#### GIVEN ENTRIES:
###
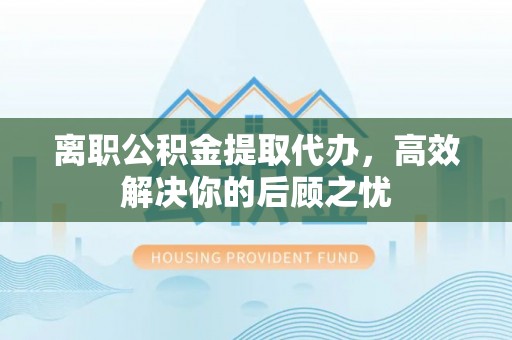 千山离职公积金提取代办，高效解决你的后顾之忧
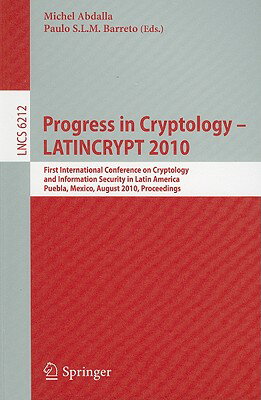 This book constitutes the proceedings of the First International Conference on Cryptology and Information Security in Latin America, LATINCRYPT 2010, held in Puebla, Mexico, on August 8-11, 2010. The 19 papers presented together with four invited talks were carefully reviewed and selected from 62 submissions. The topics covered are encryption, elliptic curves, implementation of pairings, implementation of cryptographic algorithms, cryptographic protocols and foundations, cryptanalysis of symmetric primitives, post-quantum cryptography, and side-channel attacks.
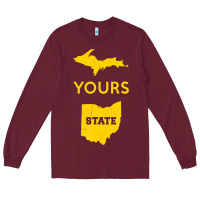 Burgundy Up Yours State Of Ohio Funny Anti Oh Pro Michigan Meme Long Sleeve Tee - minhPixels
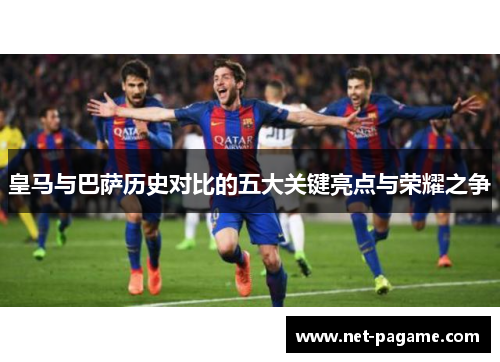 皇马与巴萨历史对比的五大关键亮点与荣耀之争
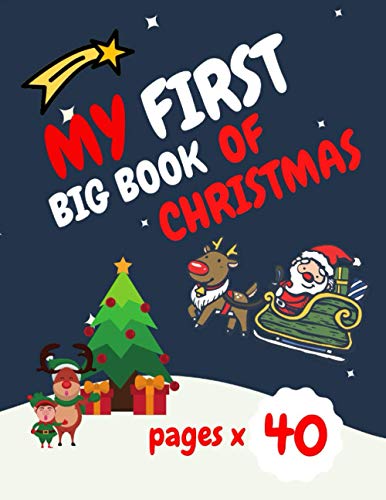 Stock image for My First Big Book of Christmas: Santa Claus, Elves, Christmas Tree, Ginger Bread and more beautiful coloring pages for your child Feel the magic! for sale by GreatBookPrices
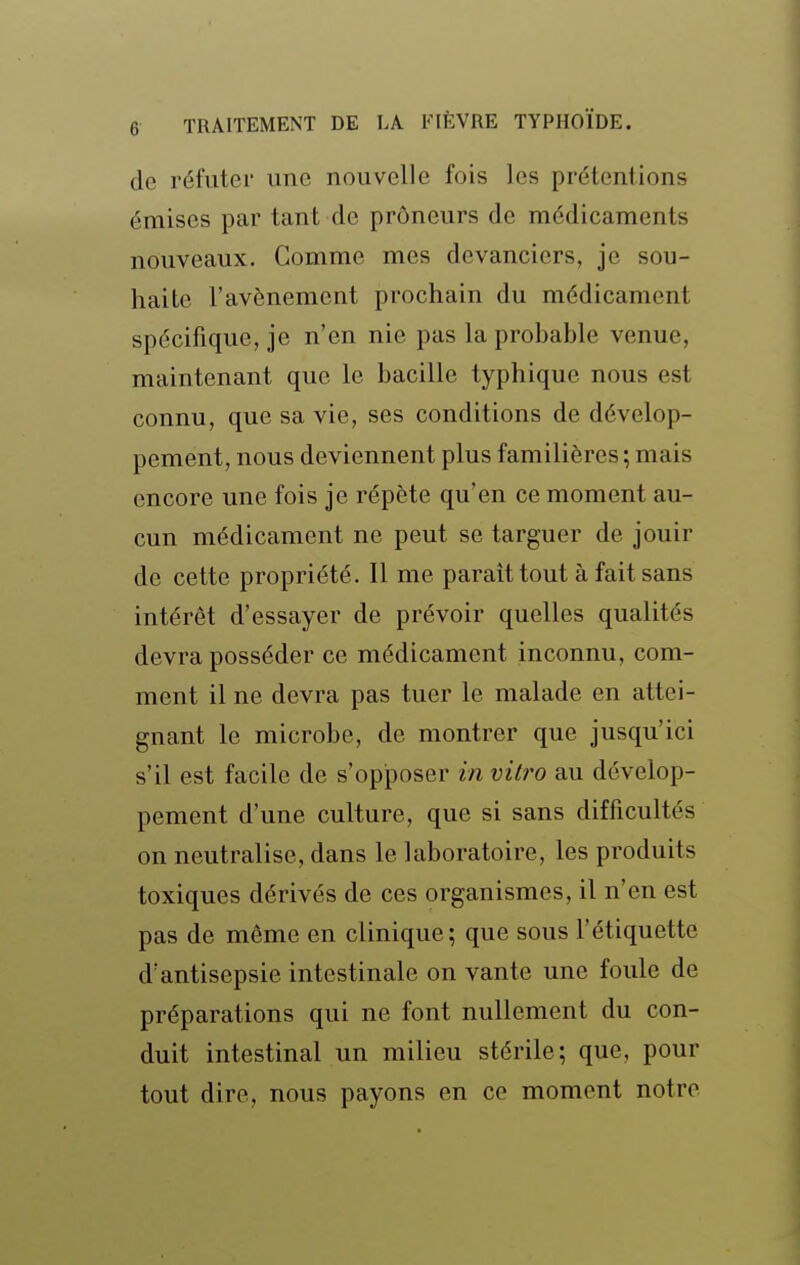 de réfuter une nouvelle fois les prétentions émises par tant de prôneurs de médicaments nouveaux. Comme mes devanciers, je sou- haite l'avènement prochain du médicament spécifique, je n'en nie pas la probable venue, maintenant que le bacille typhique nous est connu, que sa vie, ses conditions de dévelop- pement, nous deviennent plus familières ; mais encore une fois je répète qu'en ce moment au- cun médicament ne peut se targuer de jouir de cette propriété. Il me paraît tout à fait sans intérêt d'essayer de prévoir quelles qualités devra posséder ce médicament inconnu, com- ment il ne devra pas tuer le malade en attei- gnant le microbe, de montrer que jusqu'ici s'il est facile de s'opposer in vili^o au dévelop- pement d'une culture, que si sans difficultés on neutralise, dans le laboratoire, les produits toxiques dérivés de ces organismes, il n'en est pas de même en clinique; que sous l'étiquette d'antisepsie intestinale on vante une foule de préparations qui ne font nullement du con- duit intestinal un milieu stérile; que, pour tout dire, nous payons en ce moment notre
###
Print nothing except the lines above from the one containing "皇马与巴萨历史对比的五大关键亮点与荣耀之争" down to the one containing "Stock image for", both included, exactly as written and free of pictures.

#### REPLY TO THE EXERCISE:
 皇马与巴萨历史对比的五大关键亮点与荣耀之争
 Stock image for My First Big Book of Christmas: Santa Claus, Elves, Christmas Tree, Ginger Bread and more beautiful coloring pages for your child Feel the magic! for sale by GreatBookPrices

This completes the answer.